When considering whether you should adjust the number of exemptions you claim on your W-4, which will, in turn, adjust your paycheck withholdings, remember that each individual tax situation varies.
Learn when adjusting your withholdings is the right move for you.
Starting a Second Job
Let's say you take on a second job or side gig to earn some extra money this year. This is an excellent time to adjust your withholdings. That's because a second job will likely increase your income, which will then increase the amount you'll owe in taxes. To offset this, you can increase your exemptions.
Generally, if you are single you should continue to claim one on your W-4. This number ensures that they withhold enough so that you do not owe at the end of the year. But keep in mind that this can vary depending on your individual situation.
If your spouse is working, then calculate your exemptions based on your combined income, especially if your spouse makes significantly more than you. You should also double check your withholdings when you get a raise.
You Owed Taxes Last Year
There is nothing as disappointing as having to fork out money to the IRS at the beginning of the year. This also likely means you did not claim the correct amount of exemptions to begin with since the average tax return last year was $2,700.
So if you find yourself with a hefty bill come April, it may be time to adjust your withholdings. If you're still not sure how many exemptions you should claim or the correct amount of withholdings you should claim consider using the IRS Paycheck Checkup tool.
You can adjust your withholdings so that the correct amount is withheld. You can even request that extra money be withheld each pay period. This will save you the hassle of coming up with extra money at the end of the year to pay to the IRS.
You Received a Big Refund
If you received a large refund last year, you should also adjust your withholdings and claim fewer exemptions, since this means you had too much in taxes withheld from your earnings.
Many people mistakenly look at the refund as an easy way to save money. But you are essentially loaning the money to the government and not receiving any interest on it every year if you overpay on your taxes.
Instead, have your extra funds automatically transferred to a savings account, a CD, or even a high-yield savings account. That way, you aren't spending the money, but you're earning interest on it.
You may also qualify for tax breaks such as the Earned Income Tax Credit or other credits and deductions, so be sure to take into account when determining how much you should have withheld.
Any Major Life Event
Any time that you have a major life event, such as getting married, having a baby, or getting divorced, you should adjust your withholdings. That's because these events will likely affect the number of withholdings you claim.
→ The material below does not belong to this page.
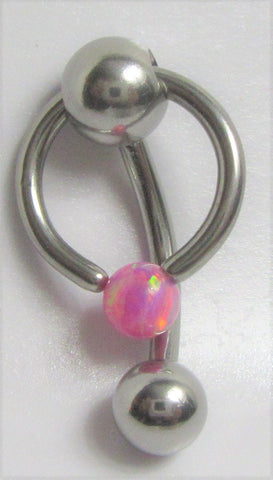 Pink Opal Stone Hoop Dangle Barbell Bar VCH Jewelry Clit Clitoral Hood Ring 14 gauge - I Love My Piercings!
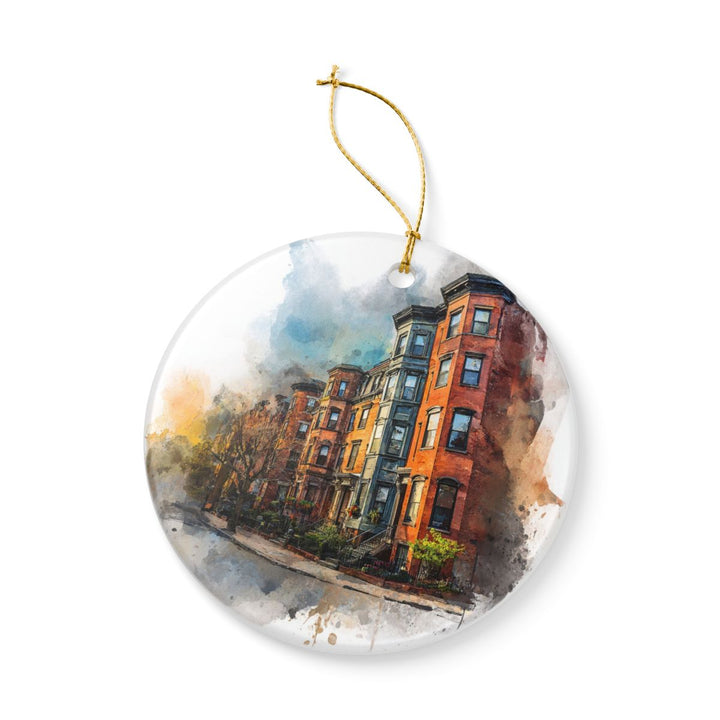 South End Boston MA Ornament: Unique South End Boston Souvenir, South End Boston Massachusetts Xmas Decor, and Authentic South End Boston Gift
Generally, you'll claim more if you get married or have a baby, less if you get divorced.
As soon as you realize a major life event is going to take place, you can make the adjustments, as long as the event is going to happen in the same tax year.
If you have a major life event, you can change your withholdings at any time and aren't restricted by the usual withholding rules.
How to Adjust Your Withholding
If you need to adjust your withholding, you will need to contact your human resource department and fill out a new W-4. You may need to adjust your state withholding, too.
Some companies allow you to make the adjustments online, but smaller companies may have you fill out the form in person. Although you can follow the suggested guidelines on the form, you may want to double-check your work with the IRS Tax Withholding Calculator or talk to your accountant.
How to Determine the Correct Withholding
The calculator will have you enter your income, tax withholdings, and other information. The calculator will then tell you how much you need to have withheld. This tool can take the stress of estimating out.
Additionally, you can go back through the year to make sure you are still on track. Generally, it is a good idea to check when you file your taxes and again in August or September or anytime you experience a major life or work event.
Updated by Rachel Morgan Cautero.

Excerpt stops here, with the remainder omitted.